Zorg ervoor dat uw kinderen voldoende slaap krijgen, ook overdag van hun dutjes, en geef hun dutjes niet op voordat ze dat zouden moeten doen. Houd er rekening mee dat de meeste 2- en 3-jarigen geen dutje doen als je ze een keuze geeft.
Als je oudere peuter de dutjes heeft opgegeven, maar dan snel in slaap valt in zijn autostoeltje of laat op de dag kieskeurig is, dan laat je hem waarschijnlijk zijn dutje te snel opgeven. Misschien moet u het tijdstip waarop u hem voor een dutje neerlegt veranderen, consequenter zijn in uw dagelijkse routine, of gewoon wat rust in de middag nemen als u er nog steeds niet in slaagt uw peuter of kleuter te krijgen. een dutje en je denkt dat hij er een nodig heeft.
Eetgewoontes
Veel ouders ondervinden ook problemen wanneer het dieet van hun kind overgaat van dat van een baby naar een peuter en vervolgens naar een dieet dat lijkt op dat van de rest van het gezin, wat hopelijk een gezond dieet is.
Het bekijken van de ‘normale’ tijden dat baby’s beginnen met babyvoeding, fingerfood en tafelvoeding, kan het voeden van uw baby veel gemakkelijker maken, vooral voor nieuwe ouders. Het kan net zo belangrijk zijn om te begrijpen dat veel peuters een grote vertraging hebben in hun eten, zichzelf graag voeden en erg kieskeurig kunnen worden.
Veel voorkomende overgangen in de kindertijd
Andere veelvoorkomende overgangen in de kindertijd waarmee ouders bekend zouden moeten zijn of uiteindelijk bekend zullen zijn, zijn onder meer:
- uw baby van een wieg naar een wieg verplaatsen (ongeveer 3 maanden oud)
-
tandjes krijgen en een eerste melktandje krijgen (tussen 3 en 15 maanden)
- doorslapen (ongeveer 4 tot 5 maanden)
- beginnen met babyvoeding (rond de 4 tot 6 maanden)
- starten met fingerfood en tafelvoedsel (ongeveer 8 tot 9 maanden)

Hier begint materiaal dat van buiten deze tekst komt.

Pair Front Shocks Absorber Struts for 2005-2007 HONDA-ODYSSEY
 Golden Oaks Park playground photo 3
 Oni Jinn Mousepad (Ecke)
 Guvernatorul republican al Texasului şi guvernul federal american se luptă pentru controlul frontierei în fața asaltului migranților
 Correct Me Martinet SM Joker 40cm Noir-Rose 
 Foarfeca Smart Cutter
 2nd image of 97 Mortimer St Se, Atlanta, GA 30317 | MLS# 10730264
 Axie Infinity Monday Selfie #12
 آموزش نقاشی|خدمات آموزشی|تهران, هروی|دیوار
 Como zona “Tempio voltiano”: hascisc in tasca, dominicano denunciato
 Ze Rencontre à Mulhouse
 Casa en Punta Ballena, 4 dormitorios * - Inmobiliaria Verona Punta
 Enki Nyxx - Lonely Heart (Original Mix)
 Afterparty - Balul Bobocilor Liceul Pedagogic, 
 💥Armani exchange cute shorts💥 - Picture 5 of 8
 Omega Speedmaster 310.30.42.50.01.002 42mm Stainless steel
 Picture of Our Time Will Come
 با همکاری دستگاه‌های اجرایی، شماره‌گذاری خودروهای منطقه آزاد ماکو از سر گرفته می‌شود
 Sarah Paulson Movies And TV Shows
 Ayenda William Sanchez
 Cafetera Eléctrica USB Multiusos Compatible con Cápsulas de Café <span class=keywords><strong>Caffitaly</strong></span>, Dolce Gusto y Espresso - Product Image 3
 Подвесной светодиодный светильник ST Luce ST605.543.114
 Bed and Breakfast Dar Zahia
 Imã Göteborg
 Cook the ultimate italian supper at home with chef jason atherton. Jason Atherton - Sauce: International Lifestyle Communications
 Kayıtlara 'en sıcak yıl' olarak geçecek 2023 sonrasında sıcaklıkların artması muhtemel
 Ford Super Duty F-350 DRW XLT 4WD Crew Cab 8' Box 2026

- spenen van zuigelingenvoeding naar volle melk (12 maanden)
- veranderen van een fles naar een sippy cup (ongeveer 12 tot 15 maanden)
- overgaan van twee dutjes (een ochtend- en middagdutje) naar één middagdutje (leeftijd 12 tot 18 maanden)
- het spenen van uw baby of peuter van moedermelk naar zuigelingenvoeding of volle melk, afhankelijk van zijn leeftijd
-
driftbuien en de verschrikkelijke tweeën
- beginnen met zindelijkheidstraining (leeftijd 18 maanden tot 3 jaar)
- uw kind naar een peuterbed verplaatsen (leeftijd 2 tot 3 jaar, zodra uw peuter uit zijn wieg klimt, of hij is 36 inch lang)
- zindelijkheidstraining afmaken (leeftijd 2 1/2 tot 3 1/2 jaar)
- het middagdutje opgeven (rond de leeftijd van 3 tot 5 jaar, maar meestal dichter bij wanneer ze naar de kleuterschool gaan)
- eerste schooldag
- ‘s nachts droog blijven (leeftijd 4 tot 5 jaar of zelfs later voor sommige kinderen en heel vaak veel later wanneer ze volledig zindelijk zijn)
- het verliezen van een eerste melktand (leeftijd 6 tot 7 jaar)
- beginnende puberteit – meisjes (8 tot 13 jaar)
- beginnende puberteit – jongens (9 tot 14 jaar)
- leren rijden
- afstuderen van de middelbare school
- het huis uit gaan
- naar college gaan
- een baan vinden
Natuurlijk kunnen die laatste paar in een andere volgorde gebeuren.
Overgangsregels
Er zijn geen vaste regels voor het omgaan met overgangen in de kindertijd, behalve dat je waarschijnlijk achterdochtig moet zijn dat er iets mis kan zijn als je kind ver buiten het normale bereik is voor wanneer er iets zou moeten gebeuren. Als uw kind van 18 maanden bijvoorbeeld al helemaal geen dutjes meer heeft gedaan of als uw 8-jarige nog steeds een dutje overdag nodig heeft, kan dat wijzen op een medisch probleem.
Aan de andere kant, wetende dat de meeste kinderen pas droog blijven als ze 5 tot 8 jaar oud zijn, zal je helpen te weten dat een 3- of 4-jarige normaal is als hij nog steeds in bed plast, zelfs nadat hij is zindelijk.
De enige andere ‘regel’ over overgangen in de kindertijd is dat kinderen met verschillende temperamenten er heel anders mee omgaan. Terwijl een rustig kind misschien tegelijkertijd kan overschakelen op volle melk en een tuitbeker, moet een ander kind dat veel beter bestand is tegen verandering misschien langzaam overschakelen op volle melk en dan weer langzaam overstappen op een sippy-kopje een paar maanden later.